> _Exercise_
Skip all pictures, then copy the lines from the start of the data through the line with "Pulsera de cuentas", keeping both ends.
====== Collected data
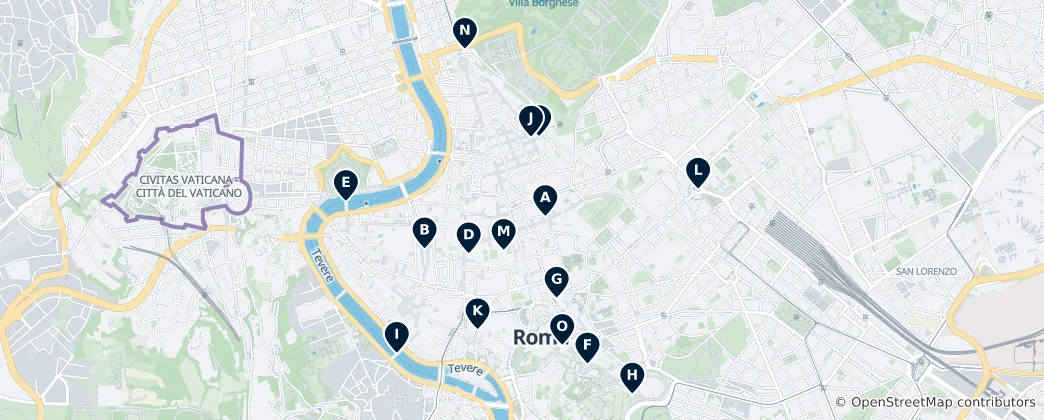 Map of Bridges and Squares of Rome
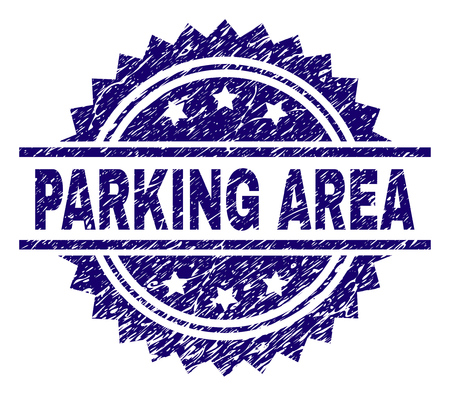 PARKING AREA stamp seal watermark with distress style. Blue vector rubber print of PARKING AREA title with scratched texture.のイラスト素材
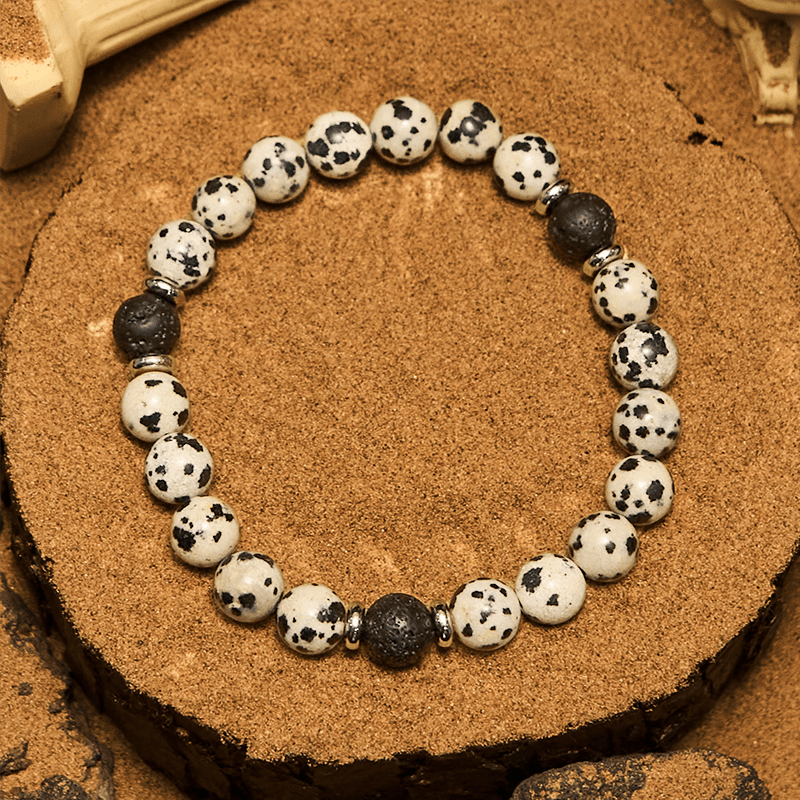 Pulsera de cuentas de piedra de lava de jaspe dálmata natural de Olivenorma
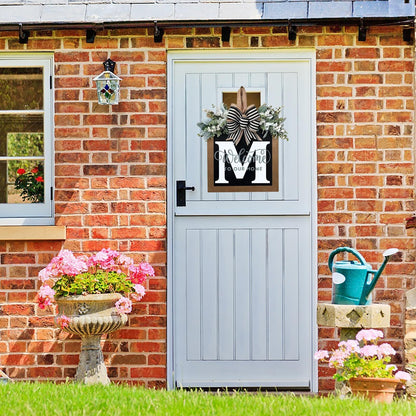 Last Name All Year Round Front Door Wreath with 26 Initial Letter Welcome Sign All Seasons Eucalyptus Garland and Bow ，Farmhouse, Porch, for Spring Summer Fall All Seasons Holiday Halloween Christmas. (M)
============
> _Solution for this exercise_
 Map of Bridges and Squares of Rome
 PARKING AREA stamp seal watermark with distress style. Blue vector rubber print of PARKING AREA title with scratched texture.のイラスト素材
 Pulsera de cuentas de piedra de lava de jaspe dálmata natural de Olivenorma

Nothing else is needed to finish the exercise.